Nous demandons donc, à tous les pays ayant ratifié la convention sur la biodiversité, de NE PAS EXPLOITER LE PETROLE DANS LES ZONES PROTEGEES.

En ce qui concerne les zones déjà touchées par cette activité, nous demandons la cessation des travaux ainsi que la réalisation d’un programme de restauration environnementale et le versement d’une indemnisation pour les dégâts causés.

Pour ce qui en est des zones en cours de licitation, nous en demandons la suspension.

Nous proposons donc que la frontière pétrolière ne s’étende pas aux zones protégées et que les politiques de conservation soient prioritaires sur les politiques économiques à court terme.
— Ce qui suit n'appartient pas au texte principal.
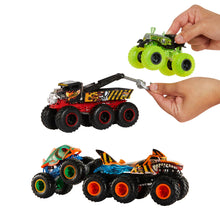 Load image into Gallery viewer, Mattel Hot Wheels Monster Trucks Big Rig
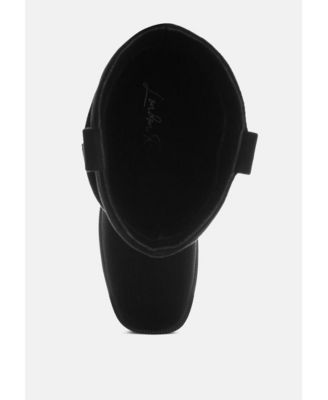 Womens Ottawa Slouchy Cowboy Boots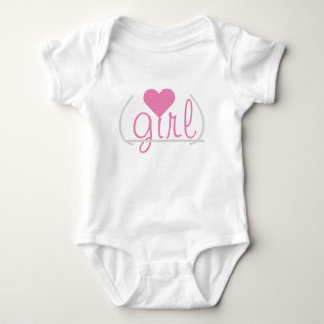 Body Bébé fille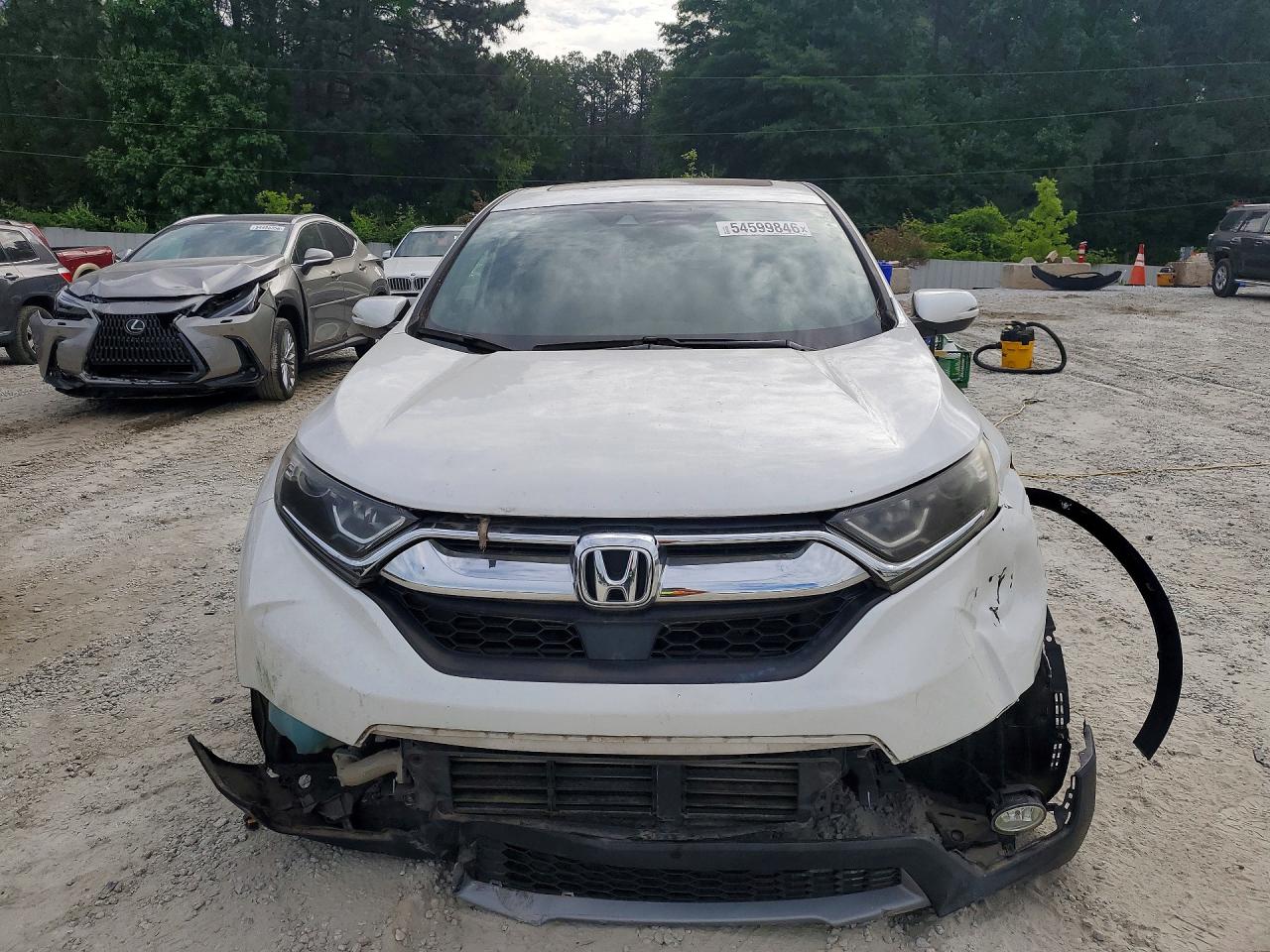 2019 HONDA CRV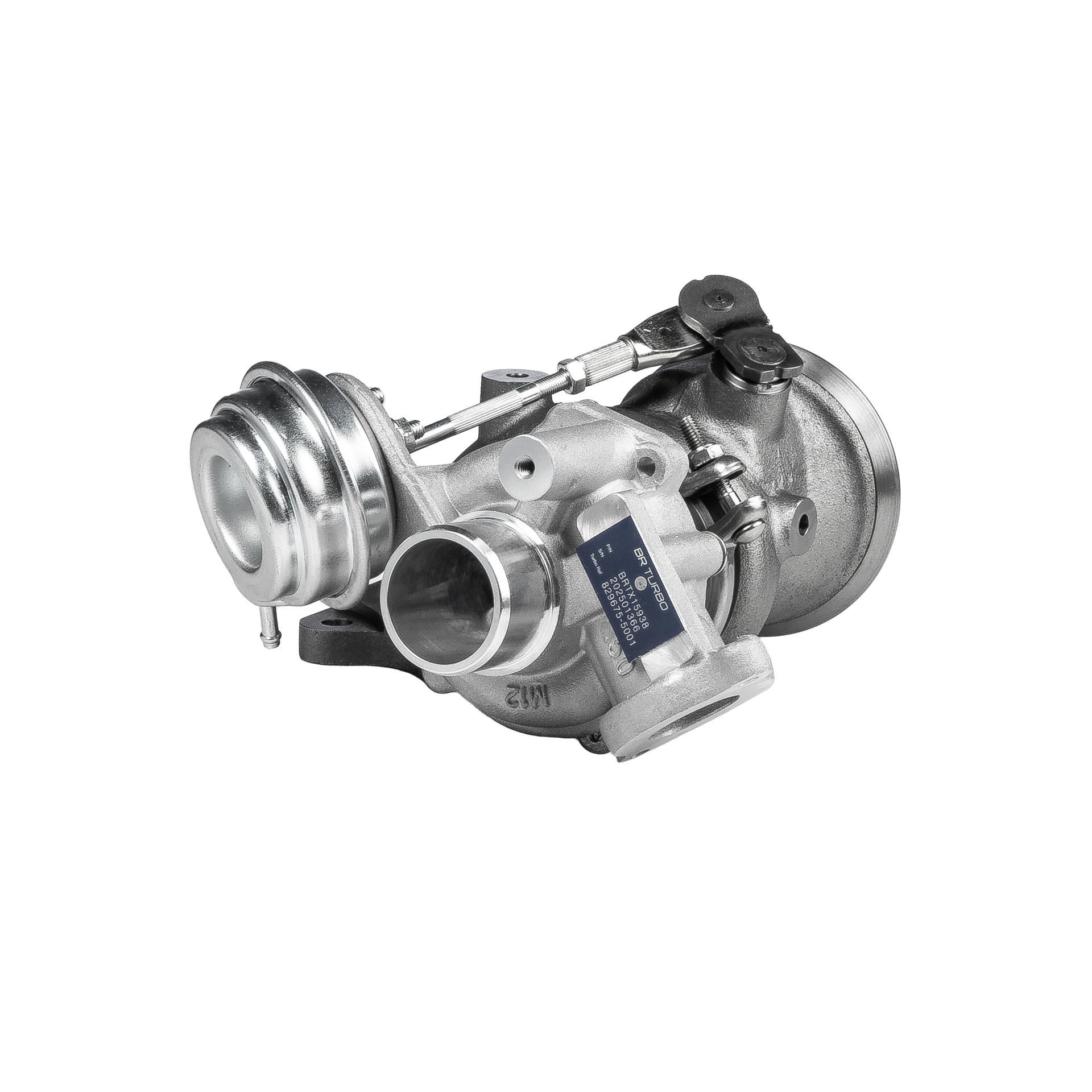 BR Turbo BRTX15938 Turbosprężarka CITROЁN C4 II (B7) 110 KM benzyna koszt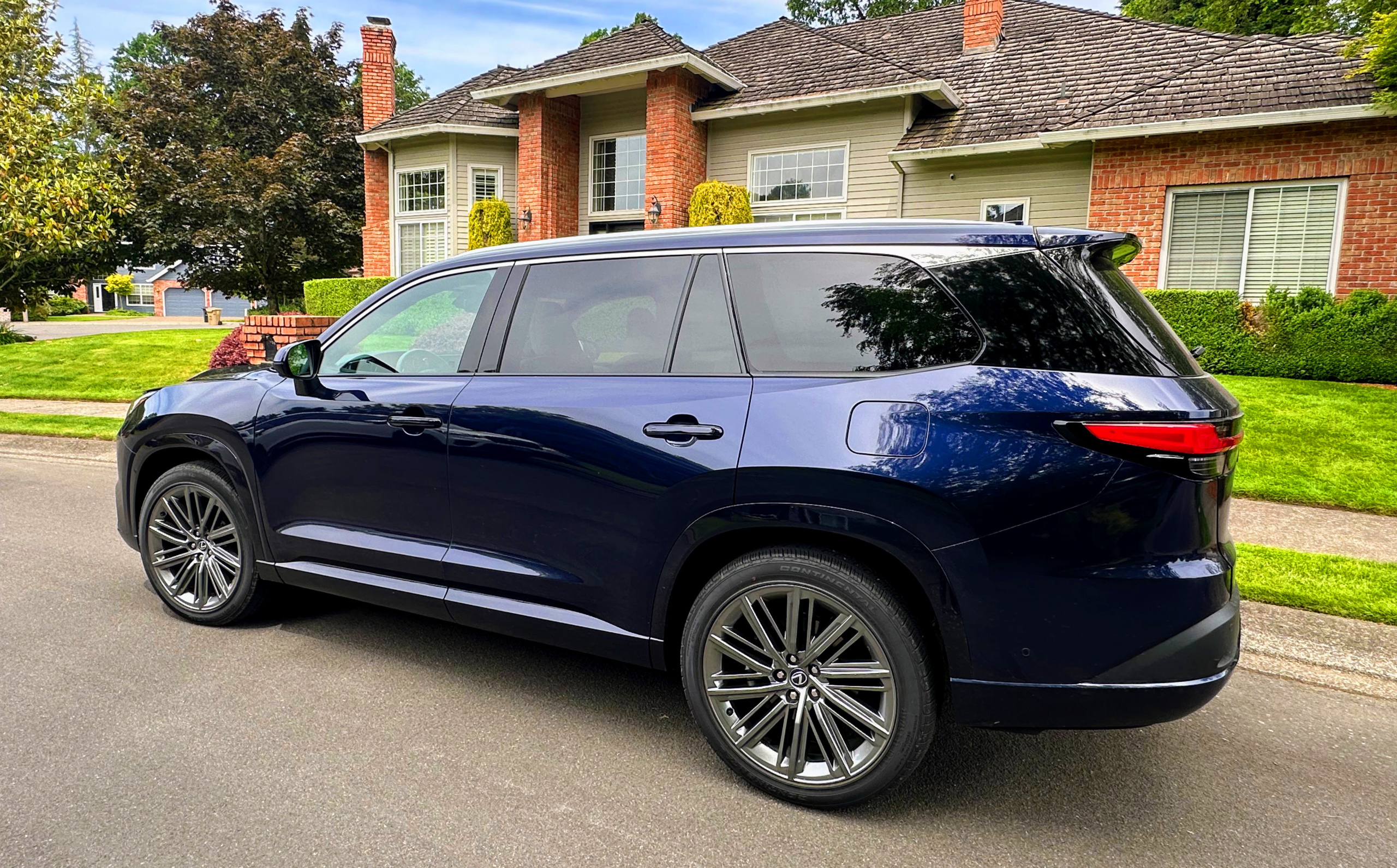 2024 Lexus TX 550h+ Luxury AAA Oregon/Idaho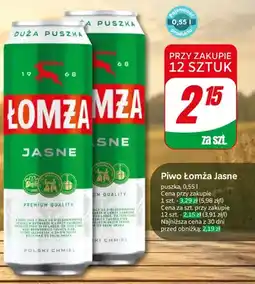 Dino Piwo Łomża oferta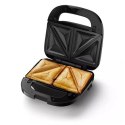 Philips Sandwich Maker | HD2350/80 | 750 W | Number of plates 3 | Black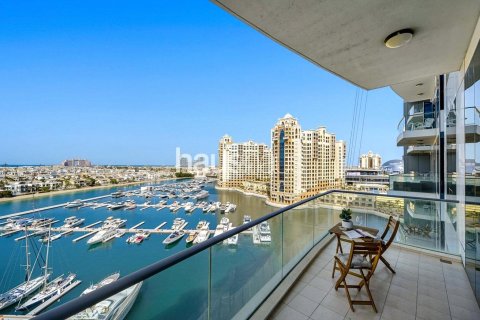 Снять в аренду квартиру в Oceana, Пальма Джумейра, Дубай: 2 спальни, 159м², № 44791 - фото 1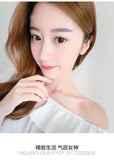 925 Sterling Silver Zircon Tassel Ear Line Stud Earrings For Women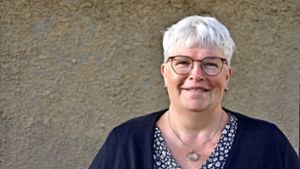 Trauerbegleiterin Ulrike Wolf bietet eine neue Trauergruppe für verwaiste Eltern an. Foto: Siegmeier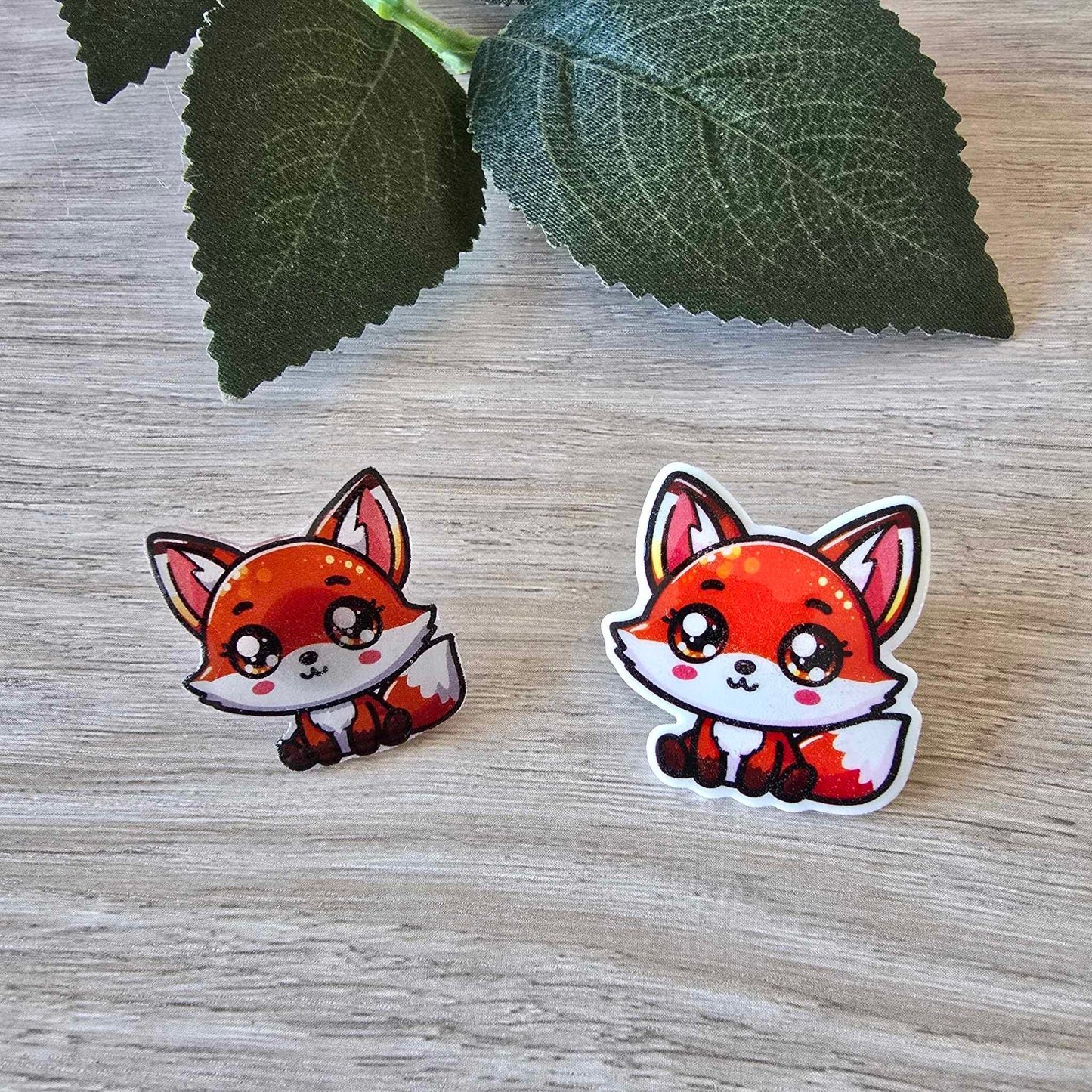 Fox pin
DECLARATION DU RESEAU OILWATCH SUR L’EXPLOITATION PETROLIERE DANS LES RESERVES DE LA BIOSPHERE

Le réseau de résistance aux activités pétrolières OILWATCH, au cours de l’Assemblée Générale des signataires de la Convention sur le patrimoine mondial réunie à Paris les 28 et 29 octobre 1999, fait la déclaration suivante :

En considérant que :

la convention sur le patrimoine mondial a déclaré « réserves de la Biosphère » certains espaces importants pour la préservation de la nature, afin qu’elles soient des centres de conservation in-situ de la biodiversité. Sont considérées, en particulier, les zones abritant des espèces en danger d’extinction, essentielles pour la sciences et pour la conservation.

ces réserves sont en outre des exemples représentatifs des processus biologiques et évolutifs se déroulant au sein des communautés floristiques et faunistiques.

les réserves de la biosphère revêtent une importance toute particulière dans les régions tropicales non seulement pour la biodiversité qu’elles renferment mais aussi parce qu’elles sont le domaine ancestral de peuples autochtones et de communautés locales,

un des objectifs de la déclaration sur les réserves de la biosphère est d’éviter que ne s’y produisent des dégâts irréversibles , dus en particulier à des projets mettant en danger leur intégrité,

il est prouvé que l’activité pétrolière interrompt le fonctionnement normal des écosystèmes et modifie leur structure, mettant ainsi la biodiversité en danger,

des activités pétrolières ont lieu dans de nombreuses réserves de la Biosphère dont: la réserve de la Biosphère Pantanos de Centla au Mexique, le parc national Yasuni en Equateur, La Amistad au Costa Rica, Maya au Guatémala et Tung Yai en Thailande



Nous demandons que :

les réserves de la Biosphère soient déclarées zones intangibles, interdites à l’activité pétrolière et que tout nouveau projet d’exploration pétrolière y soit immédiatement arrêté. L’intangibilité ne sera jamais à l’origine de conflits pour les populations vivant traditionnellement dans ces régions.

dans les réserves de la Biosphère déjà touchées, il soit initié un processus de retrait de l’infrastructure pétrolière comprenant les puits, les stations de pompage, les raffineries, les aires de service, les oléoducs, etc. Un processus de restauration devra être mis immédiatement en place et persistera jusqu’à la récupération totale des écosystèmes, la normalisation de leur fonctionnement et le recouvrement de leur structure d’origine,

la convention sur le patrimoine mondial et la convention sur la biodiversité doivent être harmonisées, en particulier en ce qui concerne les droits des peuples autochtones et des communautés locales auxquels se réfère l’article 8j de cette dernière convention,

ces actions devront être réalisées avec la participation d’observateurs internationaux indépendants et des communautés locales impliquées et bénéficieront de l’accompagnement direct de l ‘UNESCO.

Finalement, nous faisons appel à l’UNESCO pour qu’elle renforce les politiques de conservation des pays signataires de la convention sur le patrimoine mondial et que soit privilégiée la conservation face aux activités d’extraction intensive des ressources.